Recall the rules of quaternion multiplication are given by
$$\begin{matrix} ij=k, & ik=-j, & jk=i \\ ji=-k, & ki=j, & kj=-i. \end{matrix}$$
If $i,j,k$ are interpreted as the standard basis vectors in $\R^3$, then multiplication corresponds precisely to the cross product! I've always wondered why, and I finally managed to find a satisfactory explanation.
I was directly inspired by wy.22/6/2021 where I derived $\Aut(Q_8)$. In particular I had the idea of interpreting the product $ijk$ as the $3\times3$ matrix $I=(i\ j\ k)$, and interpreting the equality $ijk=-1$ as saying that $I$ has positive orientation. (It is weird that $-1$ should correspond to positive orientation, but it doesn't lead to any major problems.)
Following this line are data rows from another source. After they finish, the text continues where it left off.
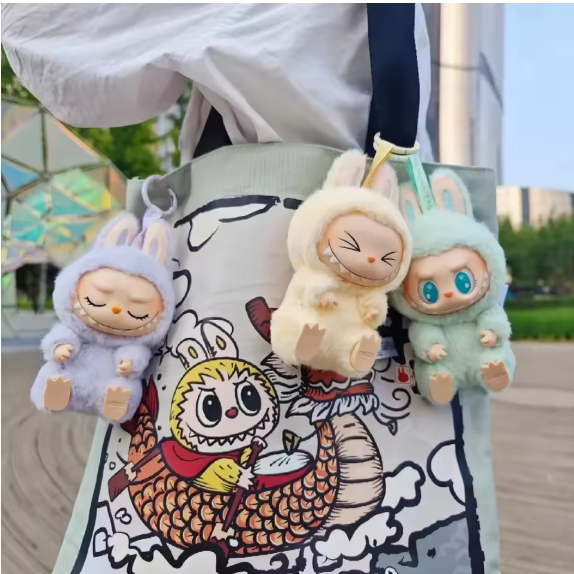Three Labubu character keychains on a bag with a colorful design.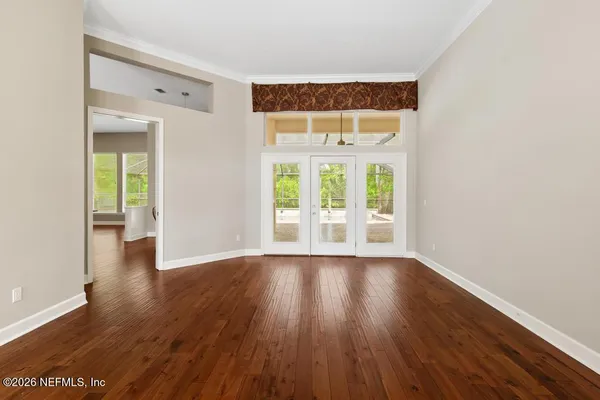 a view of an empty room with wooden floor and a window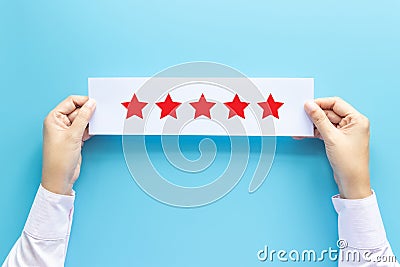 Rating and feedback concept. customer holding paper with satisfied review by give five star for service experience Stock Photo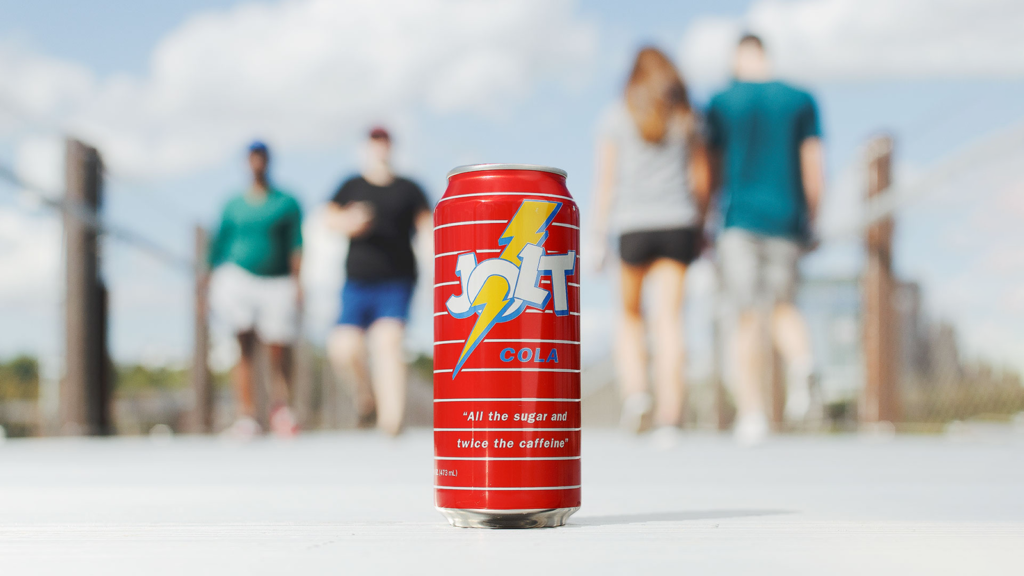 A Jolt Cola can placed on a walking bridge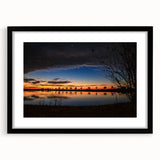 Abstract art print featuring vibrant, colorful textures, framed in black, ideal for living room decor.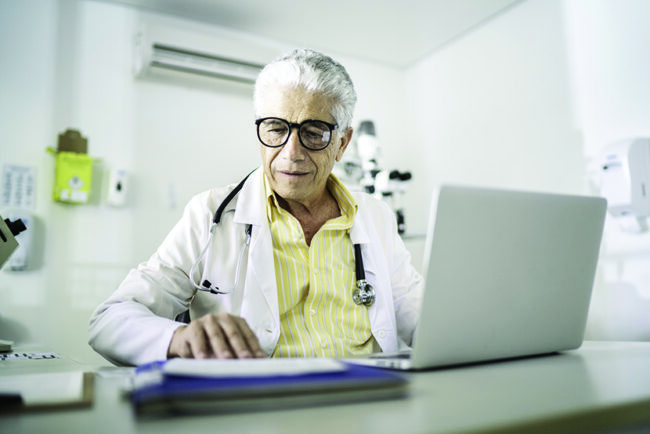 Senior male doctor using laptop at doctor’s office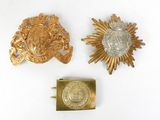 two gold and silver brooches and a coin on a white surface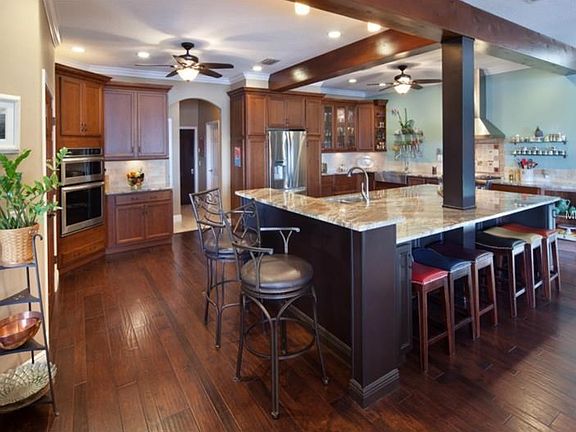 Kitchen with massive granite island and stainless appliances and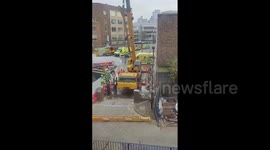Man crushed to death in London after construction crane drops load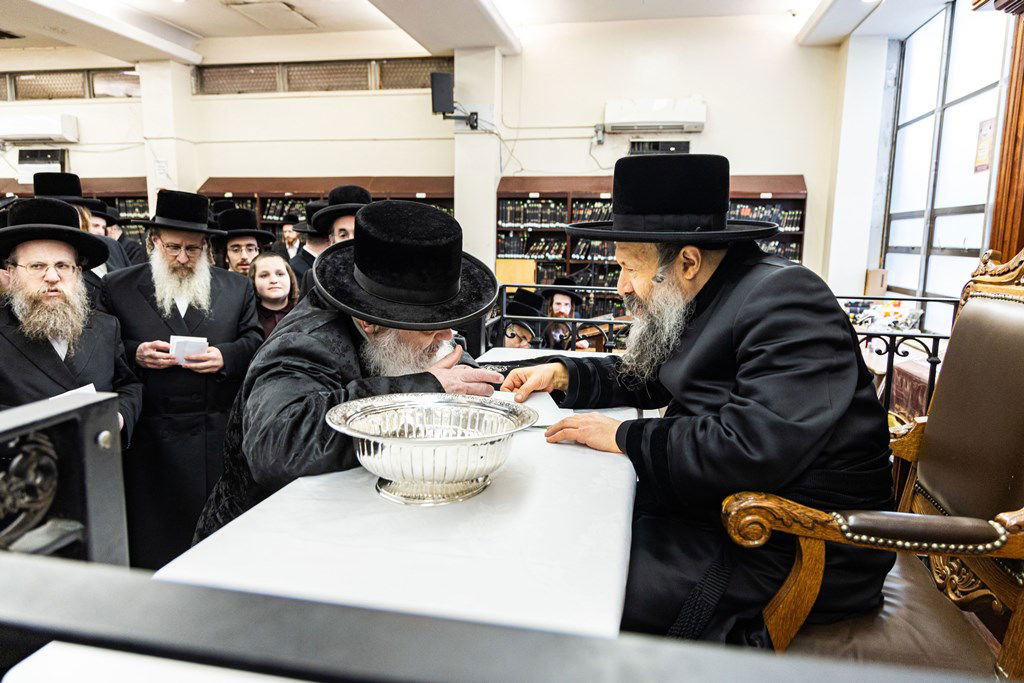חסידי באבוב 45 נותנים קוויטלעך לרבם לפני המסע לצאנז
In general, if $a,b,c$ is a permutation of $i,j,k$ then the sign of the product $abc$ is equal to (the opposite of) the orientation of the matrix $(a\ b\ c)$. This is because every permutation can be decomposed into transpositions, and transpositions flip both the sign of the product $abc$ and the orientation of $(a\ b\ c)$. For instance, $ij=-ji$ so $jik=1$, and indeed $(j\ i\ k)$ has negative orientation. Therefore, for $abc=-1$ to be true, we must have $c=a\times b$, so that by the property of cross product $(a\ b\ c)$ has positive orientation.
This argument easily generalises if we allow $a,b,c$ to be signed, i.e. take values in $\{\pm i,\pm j,\pm k\}$.